El proceso de devaluación de lo público que invade al Ecuador y a América Latina, el desprestigio de lo político, la sospecha sistemática que pone en entredicho a casi todo, están matando a las ideas y a las emociones básicas, sin las cuales la convivencia y sus acuerdos se hacen imposibles. Sin puntos de coincidencia, no existe sociedad. Existe, sí, un abigarrado conjunto de gentes que disputan intereses de todo orden, que arrancan cada cual su ventaja, que atesoran lo que pueden. Existe discurso, pero no hay lugar de encuentro.

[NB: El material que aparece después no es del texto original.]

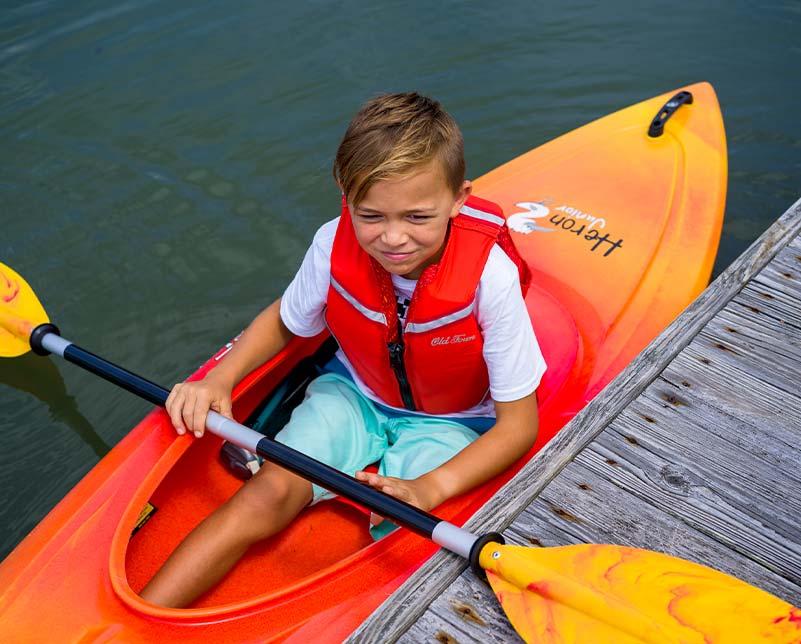 Young boy in the Old Town Heron Junior kayak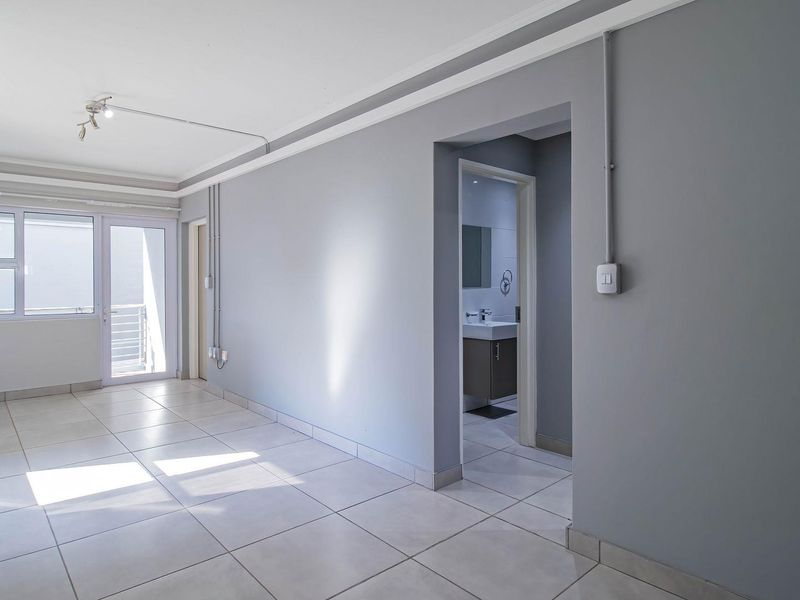 A bright, empty living area featuring neutral tiled floors, grey walls, and access to an outdoor balcony, with a view into the adjacent bathroom.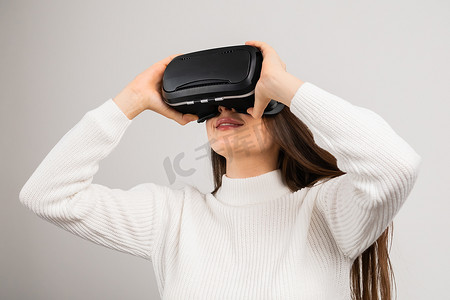 vr虚拟现实摄影照片_惊讶的年轻女孩在虚拟现实中使用 vr 眼镜耳机探索 metaverse。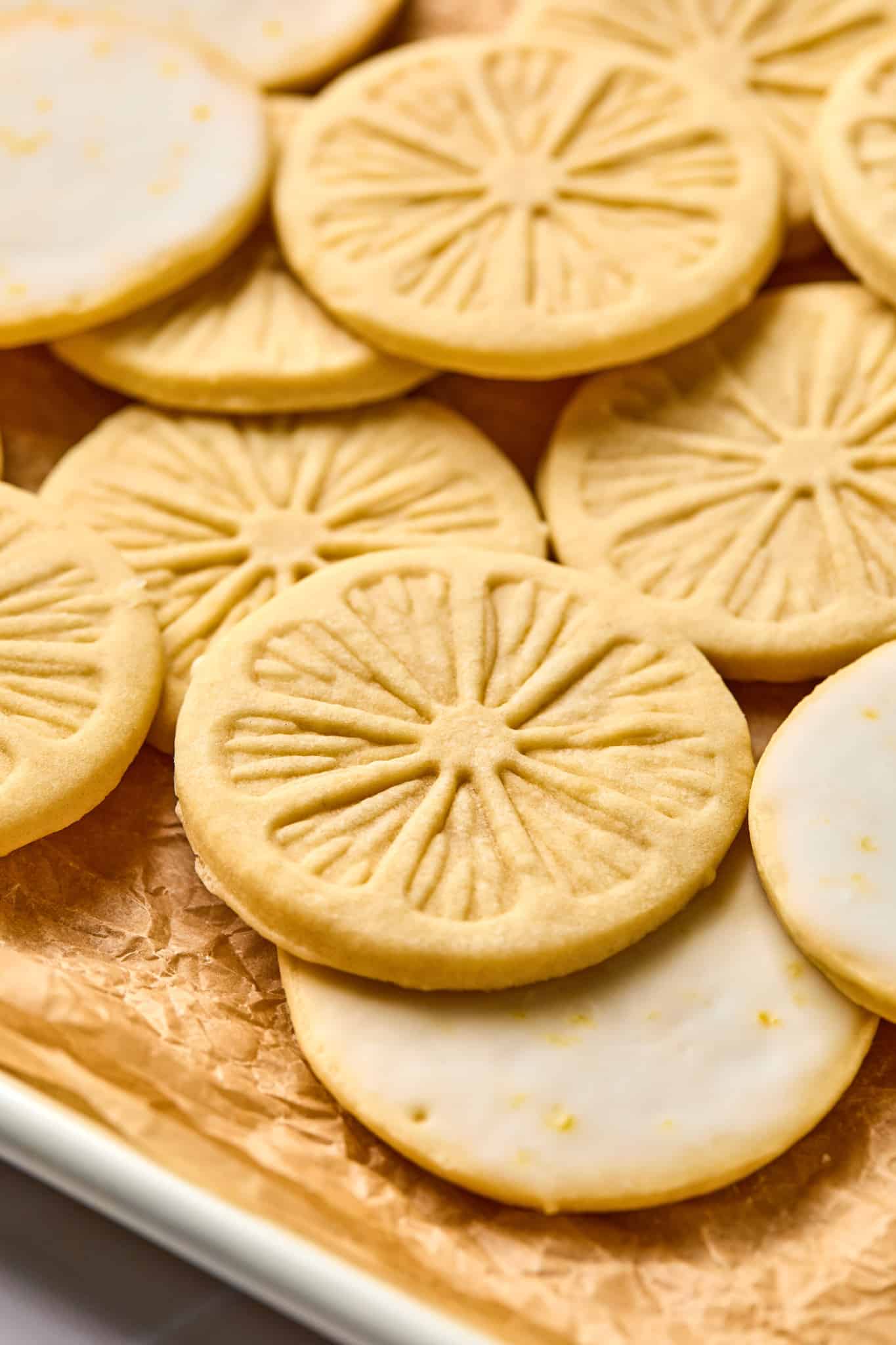 Up close picture of lemon cookies on parchment-lined baking tray. Picture shows both sides of the cookies as some are turned upright with the lemon stamp and some are flipped over to show the lemon glaze on the bottom.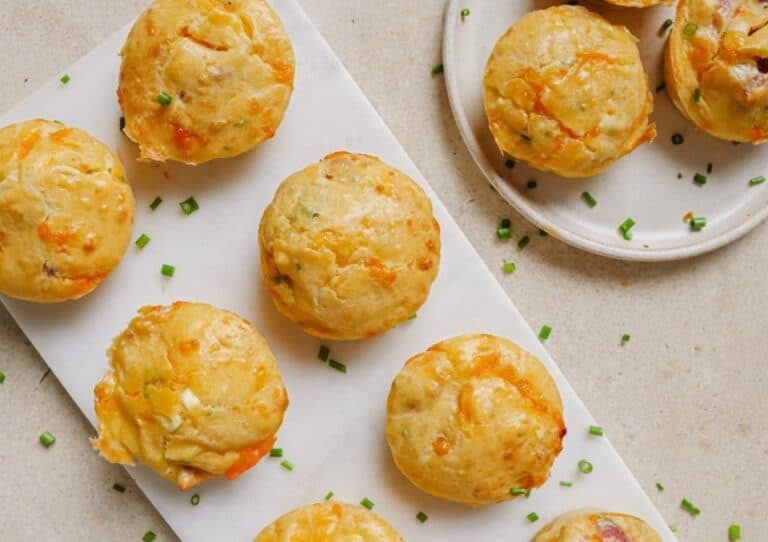 Cottage cheese breakfast muffins on a white plate and white platter.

No hay espacio en que cada persona pueda sentirse parte de un todo, miembro de un nación. O, al menos, integrante del barrio, la ciudad o la provincia.
Por eso, en tiempos de incertidumbre, cabe preguntarse ¿qué es el país? La pregunta alude a la comunidad histórica en la que casi todos se sienten insertos, a la que casi todos reconocen como lo “nuestro”, ese concepto que remonta la política, que une y permite identificar, aunque fuese de modo difuso, lo nuestro con el suelo firme, con la tradición de los abuelos, con la memoria, con el sentido de cada ciudad, con la esquina de cada pueblo, con el acento de cada región.

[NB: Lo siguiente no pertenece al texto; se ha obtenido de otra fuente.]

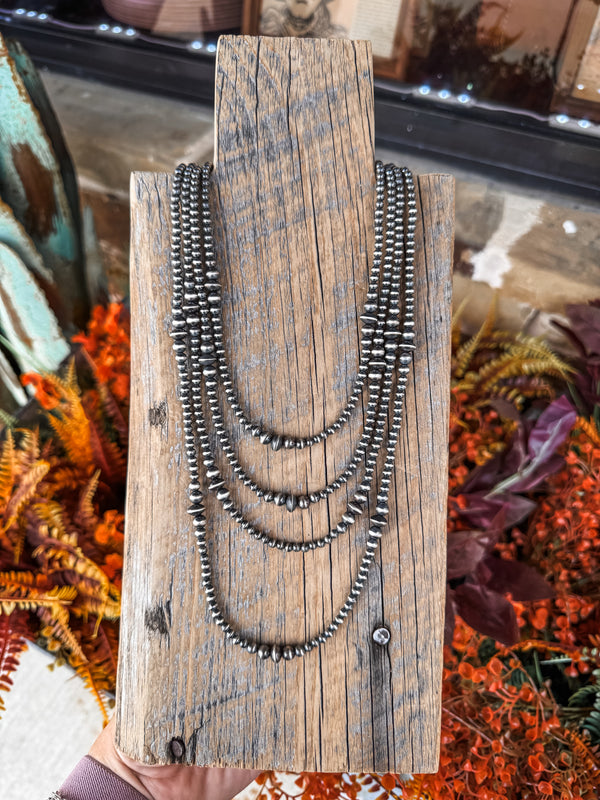 Graduated Saucer Necklace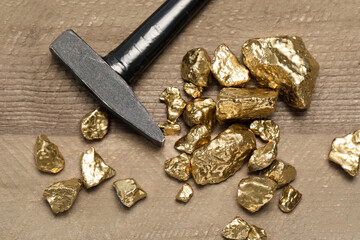 Pile of gold nuggets and hammer on wooden table, flat lay
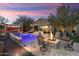 Entertain by the pool and fire pit on a beautiful evening at 13213 W Duane Ln, Peoria, AZ 85383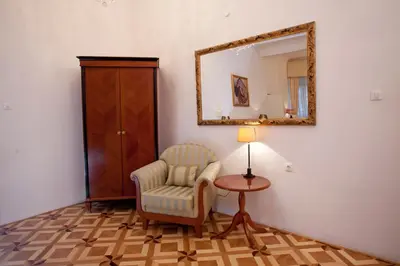 a living room with a chair and a mirror at Antiq Palace - Historic Hotels of Europe in Ljubljana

Cuando uno empieza a preguntarse ¿qué es el país?, cuando la duda ensombrece la certeza que debería acompañar a esa palabra, significa que la crisis es muy honda, que excede a lo institucional, que supera a lo político. Y que socava lo esencial: el sentido de pertenencia. Y que rompe los lazos, que envenena los afectos, y que hace pensar, con persistencia, que es mejor irse, buscar otra casa, porque la nuestra se volvió insegura, se saturó de incertidumbre. Porque acá, aprendimos a odiarnos, a sospechar del vecino, a despreciar al otro. Porque las diferencias ideológicas y las opiniones políticas empiezan a dañar a las familias, es decir, a matar el germen de lo bueno.
Pese a todo, hay que preguntarse qué es el país, que significa para cada cual esa palabra, qué evoca, qué afirma, qué niega, qué interroga. La pregunta –y la duda- al menos evidencian que todavía nos importa un poco, que algo nos duele este espacio que ha sido el horizonte de siempre.